- _Data for this task_:

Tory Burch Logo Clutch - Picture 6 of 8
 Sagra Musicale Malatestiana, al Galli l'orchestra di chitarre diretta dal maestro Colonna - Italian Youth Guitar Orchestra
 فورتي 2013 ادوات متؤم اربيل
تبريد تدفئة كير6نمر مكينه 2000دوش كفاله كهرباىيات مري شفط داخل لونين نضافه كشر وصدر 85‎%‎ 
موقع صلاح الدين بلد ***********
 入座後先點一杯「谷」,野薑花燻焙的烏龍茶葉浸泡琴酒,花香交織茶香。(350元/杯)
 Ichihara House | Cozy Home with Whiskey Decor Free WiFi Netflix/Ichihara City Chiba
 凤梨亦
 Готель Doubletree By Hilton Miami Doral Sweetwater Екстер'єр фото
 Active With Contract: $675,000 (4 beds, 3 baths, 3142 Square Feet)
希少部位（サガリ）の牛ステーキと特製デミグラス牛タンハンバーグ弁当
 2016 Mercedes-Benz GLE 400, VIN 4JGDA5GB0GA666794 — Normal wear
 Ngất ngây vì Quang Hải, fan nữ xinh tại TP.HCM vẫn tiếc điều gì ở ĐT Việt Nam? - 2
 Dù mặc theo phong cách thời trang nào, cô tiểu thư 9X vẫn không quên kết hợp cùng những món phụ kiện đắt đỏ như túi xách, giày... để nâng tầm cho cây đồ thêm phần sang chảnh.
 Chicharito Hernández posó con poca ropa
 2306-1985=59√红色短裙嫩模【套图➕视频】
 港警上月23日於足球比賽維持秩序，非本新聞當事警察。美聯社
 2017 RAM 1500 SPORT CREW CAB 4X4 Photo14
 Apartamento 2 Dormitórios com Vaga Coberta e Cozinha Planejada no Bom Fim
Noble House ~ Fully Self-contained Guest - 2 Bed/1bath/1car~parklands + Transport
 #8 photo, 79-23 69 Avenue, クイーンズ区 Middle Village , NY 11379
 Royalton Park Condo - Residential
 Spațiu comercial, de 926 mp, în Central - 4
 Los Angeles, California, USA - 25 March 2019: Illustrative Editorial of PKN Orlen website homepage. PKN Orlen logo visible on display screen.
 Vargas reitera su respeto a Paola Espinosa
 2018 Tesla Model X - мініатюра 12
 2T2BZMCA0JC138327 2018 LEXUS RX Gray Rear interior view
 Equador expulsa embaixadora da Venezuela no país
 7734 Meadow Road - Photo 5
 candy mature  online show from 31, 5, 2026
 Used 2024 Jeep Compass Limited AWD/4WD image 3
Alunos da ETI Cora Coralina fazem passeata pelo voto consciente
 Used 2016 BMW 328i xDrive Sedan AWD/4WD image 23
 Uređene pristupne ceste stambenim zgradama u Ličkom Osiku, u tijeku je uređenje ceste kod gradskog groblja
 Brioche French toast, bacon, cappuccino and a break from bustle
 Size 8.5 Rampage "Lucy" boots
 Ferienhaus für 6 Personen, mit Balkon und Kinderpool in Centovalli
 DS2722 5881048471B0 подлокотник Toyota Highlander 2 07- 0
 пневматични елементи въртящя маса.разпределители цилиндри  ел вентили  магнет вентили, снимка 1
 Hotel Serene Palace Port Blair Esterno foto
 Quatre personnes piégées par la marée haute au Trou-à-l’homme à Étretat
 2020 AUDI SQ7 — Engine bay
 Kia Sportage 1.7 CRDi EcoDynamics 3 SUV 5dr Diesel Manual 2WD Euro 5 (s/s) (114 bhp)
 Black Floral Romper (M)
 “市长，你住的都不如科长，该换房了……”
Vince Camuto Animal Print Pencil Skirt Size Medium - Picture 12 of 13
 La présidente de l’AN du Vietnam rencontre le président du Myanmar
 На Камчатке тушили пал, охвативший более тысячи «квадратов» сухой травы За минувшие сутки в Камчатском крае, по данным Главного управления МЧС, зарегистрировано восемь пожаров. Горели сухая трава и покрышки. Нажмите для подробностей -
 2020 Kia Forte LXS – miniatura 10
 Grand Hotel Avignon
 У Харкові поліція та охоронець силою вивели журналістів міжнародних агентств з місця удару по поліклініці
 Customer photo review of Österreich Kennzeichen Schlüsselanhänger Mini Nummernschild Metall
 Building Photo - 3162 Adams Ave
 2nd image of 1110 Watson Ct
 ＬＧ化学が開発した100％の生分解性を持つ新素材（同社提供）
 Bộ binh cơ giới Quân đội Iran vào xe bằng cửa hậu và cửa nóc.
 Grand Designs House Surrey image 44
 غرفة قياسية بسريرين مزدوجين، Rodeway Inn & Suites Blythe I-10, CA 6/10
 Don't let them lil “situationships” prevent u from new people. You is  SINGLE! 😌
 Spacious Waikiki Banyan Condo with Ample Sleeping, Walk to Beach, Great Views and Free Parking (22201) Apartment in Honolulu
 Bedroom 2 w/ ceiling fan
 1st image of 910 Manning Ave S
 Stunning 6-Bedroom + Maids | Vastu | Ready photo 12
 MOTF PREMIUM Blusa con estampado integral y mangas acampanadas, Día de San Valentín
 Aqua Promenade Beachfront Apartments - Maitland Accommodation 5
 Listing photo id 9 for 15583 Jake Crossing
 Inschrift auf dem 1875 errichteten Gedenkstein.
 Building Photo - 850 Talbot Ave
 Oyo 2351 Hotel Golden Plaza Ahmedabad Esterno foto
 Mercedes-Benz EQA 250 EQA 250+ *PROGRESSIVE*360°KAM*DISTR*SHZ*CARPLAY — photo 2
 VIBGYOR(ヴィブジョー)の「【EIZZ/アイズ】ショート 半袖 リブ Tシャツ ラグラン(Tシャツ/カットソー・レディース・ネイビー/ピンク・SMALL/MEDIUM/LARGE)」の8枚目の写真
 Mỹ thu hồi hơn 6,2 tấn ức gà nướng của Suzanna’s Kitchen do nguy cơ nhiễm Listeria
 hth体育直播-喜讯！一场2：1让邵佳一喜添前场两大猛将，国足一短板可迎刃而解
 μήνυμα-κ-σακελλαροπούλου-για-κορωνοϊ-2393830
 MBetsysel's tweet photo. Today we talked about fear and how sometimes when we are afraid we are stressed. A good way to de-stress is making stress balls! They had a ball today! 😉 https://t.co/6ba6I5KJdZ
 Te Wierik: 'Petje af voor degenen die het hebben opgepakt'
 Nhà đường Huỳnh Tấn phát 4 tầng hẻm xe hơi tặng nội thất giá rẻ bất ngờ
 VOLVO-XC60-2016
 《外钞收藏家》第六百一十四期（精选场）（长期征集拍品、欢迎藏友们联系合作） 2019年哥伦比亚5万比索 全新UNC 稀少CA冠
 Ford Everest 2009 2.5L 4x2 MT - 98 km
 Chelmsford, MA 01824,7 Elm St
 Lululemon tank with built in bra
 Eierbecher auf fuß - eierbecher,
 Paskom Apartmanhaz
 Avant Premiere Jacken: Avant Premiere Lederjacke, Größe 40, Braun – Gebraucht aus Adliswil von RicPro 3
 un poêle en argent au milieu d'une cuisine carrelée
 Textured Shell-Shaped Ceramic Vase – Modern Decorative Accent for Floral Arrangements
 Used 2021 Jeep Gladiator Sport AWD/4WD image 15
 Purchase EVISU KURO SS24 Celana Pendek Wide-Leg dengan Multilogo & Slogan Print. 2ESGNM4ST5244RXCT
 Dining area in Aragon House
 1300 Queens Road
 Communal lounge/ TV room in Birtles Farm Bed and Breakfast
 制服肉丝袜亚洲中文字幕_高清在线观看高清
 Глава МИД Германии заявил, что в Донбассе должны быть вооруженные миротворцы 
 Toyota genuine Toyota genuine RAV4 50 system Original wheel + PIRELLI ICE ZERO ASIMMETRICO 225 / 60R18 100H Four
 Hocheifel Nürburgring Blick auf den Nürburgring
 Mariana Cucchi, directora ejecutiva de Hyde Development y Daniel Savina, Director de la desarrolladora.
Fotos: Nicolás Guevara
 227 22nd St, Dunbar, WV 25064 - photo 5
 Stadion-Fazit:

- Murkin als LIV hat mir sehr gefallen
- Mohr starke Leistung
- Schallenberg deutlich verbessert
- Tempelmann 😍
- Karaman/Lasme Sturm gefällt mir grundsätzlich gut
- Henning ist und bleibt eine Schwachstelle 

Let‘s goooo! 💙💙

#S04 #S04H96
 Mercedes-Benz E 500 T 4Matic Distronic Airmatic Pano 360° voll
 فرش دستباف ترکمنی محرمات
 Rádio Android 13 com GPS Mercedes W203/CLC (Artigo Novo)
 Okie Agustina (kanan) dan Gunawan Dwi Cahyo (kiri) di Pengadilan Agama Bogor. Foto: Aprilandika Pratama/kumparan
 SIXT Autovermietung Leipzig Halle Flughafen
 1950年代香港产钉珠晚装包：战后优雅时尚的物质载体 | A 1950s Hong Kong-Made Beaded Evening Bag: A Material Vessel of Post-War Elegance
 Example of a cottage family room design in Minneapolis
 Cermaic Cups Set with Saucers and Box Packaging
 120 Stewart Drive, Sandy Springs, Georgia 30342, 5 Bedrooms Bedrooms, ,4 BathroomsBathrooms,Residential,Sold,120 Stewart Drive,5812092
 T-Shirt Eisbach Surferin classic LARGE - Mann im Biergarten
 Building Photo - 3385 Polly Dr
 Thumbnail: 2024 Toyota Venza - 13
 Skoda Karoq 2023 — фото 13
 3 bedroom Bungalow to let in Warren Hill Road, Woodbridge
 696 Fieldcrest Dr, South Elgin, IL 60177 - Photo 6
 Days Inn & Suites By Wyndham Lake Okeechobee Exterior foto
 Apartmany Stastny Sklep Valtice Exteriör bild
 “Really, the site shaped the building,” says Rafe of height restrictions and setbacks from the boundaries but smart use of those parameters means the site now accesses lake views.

- _Exercise brief_: There is a run of lines above from the one with "2018 Tesla Model X - мініатюра 12" to the one with "Alunos da ETI"; print exactly that run, both ends included, and nothing else.

- _Written response_:
 2018 Tesla Model X - мініатюра 12
 2T2BZMCA0JC138327 2018 LEXUS RX Gray Rear interior view
 Equador expulsa embaixadora da Venezuela no país
 7734 Meadow Road - Photo 5
 candy mature  online show from 31, 5, 2026
 Used 2024 Jeep Compass Limited AWD/4WD image 3
Alunos da ETI Cora Coralina fazem passeata pelo voto consciente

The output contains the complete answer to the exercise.